Question

The average kinetic energy of thermal neutron is of the order of:
(Boltzmann’s constant ${k_B} =8 \times 10^{ - 5}{eV/K} $)
A. $0.03eV$
B. $3eV$
C. $3keV$
D. $3MeV$

Answer 1

Hint: First of all we know neutron energy is also called neutron detection temperature. It indicates a free neutron kinetic energy, usually given in electron volts. Neutron energy is distributed in different ranges; one of them is the thermal neutron. A thermal neutron is a free neutron with a kinetic energy of about 0.025eV.

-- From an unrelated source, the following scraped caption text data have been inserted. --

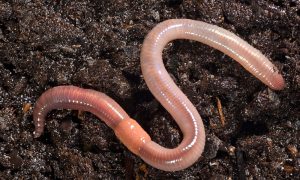 An Introduction to Phylum Annelida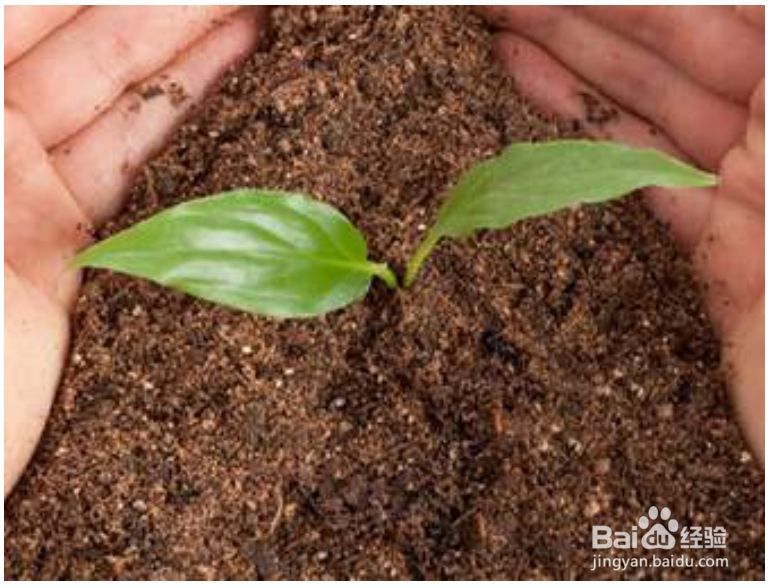 几种生活垃圾变身成花肥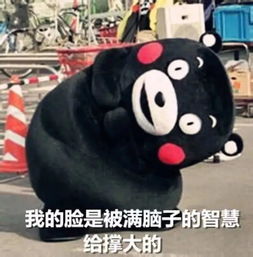 我们换届啦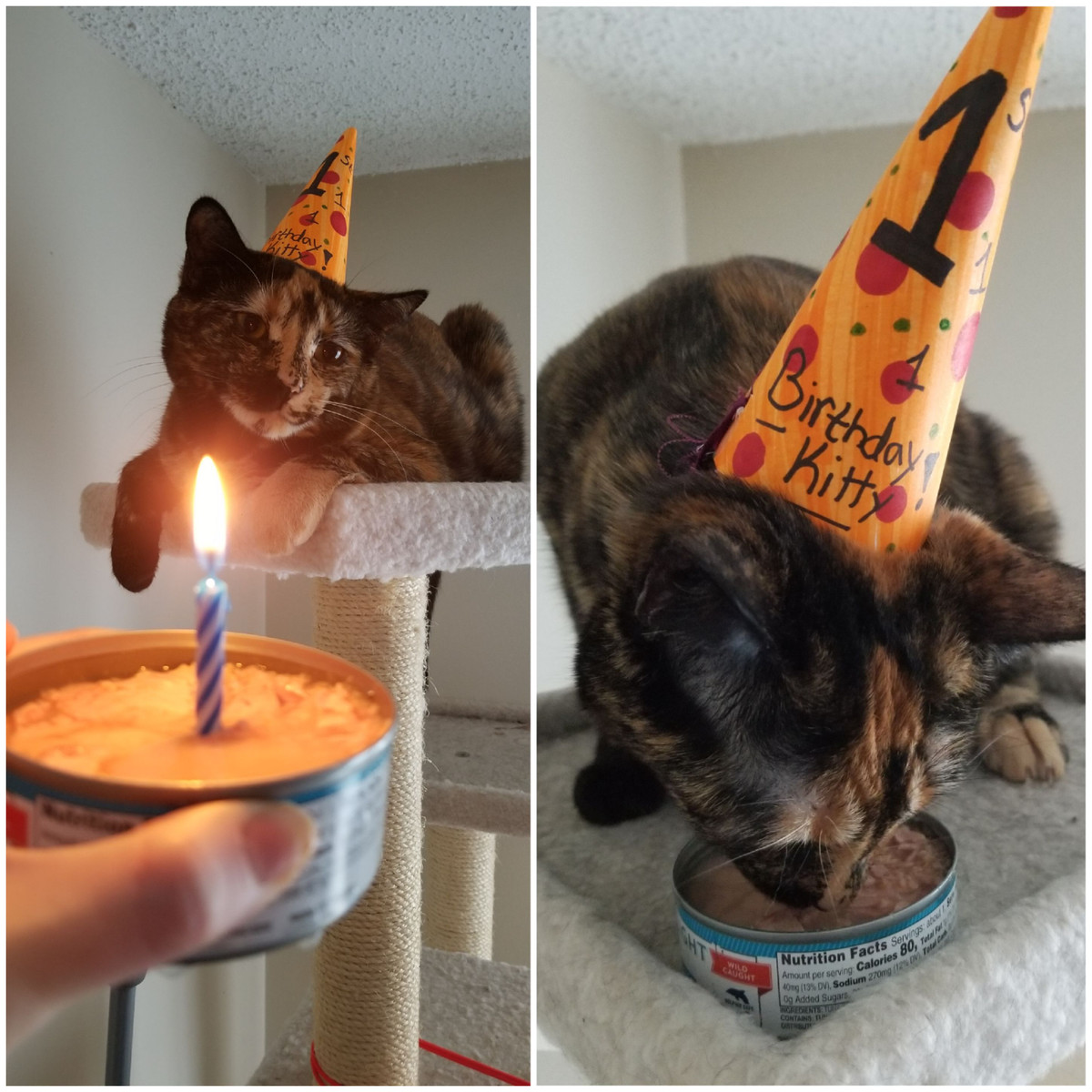Sau màn thổi nến sinh nhật, chú mèo ngay lập tức hưởng thụ chiếc bánh đặc biệt.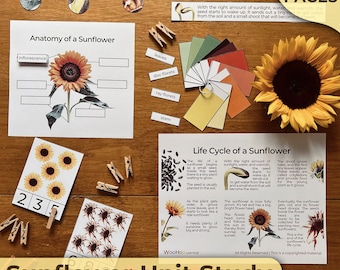 Sonnenblume Lebenszyklus Sonnenblume Anatomie Sonnenblume druckbare Naturstudie Montessori-Materialien Montessori Science Vorschul-Wissenschafts-Einheit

Complete step by step solution:
The kinetic energy of thermal neutrons is calculated by the formula ($E = {k_B}T$), where ${k_B}$ the Boltzmann’s constant and T is the temperature in the Kelvin.
At $T = 20^\circ C = (293K)$
$E = {K_B}T = 8 \times 10^{ - 5}{eV/K} \times 293K$
$=0.03eV$

Additional information:
When we say a thermal neutron has energy ${k_B}T$, it means that there is a distribution of neutron energies owing to the temperature. This distribution is a Maxwell distribution and the most probable energy for a neutron in this distribution is ${k_B}T$. We choose this energy ${k_B}T$ as representative of a thermal neutron.

Note:
The atoms in a reactor will exhibit the same energy distribution as the neutrons because they will be at the same temperature. Thus, the most probable energy for the atoms in a reactor will be the same as that for the neutrons, 0.0253$eV$. Thermal neutrons have a different and sometimes much larger effective neutron absorption for a given nuclide than fast neutrons, and can therefore often be absorbed more easily by the atomic nucleus. This event is called neutron activation.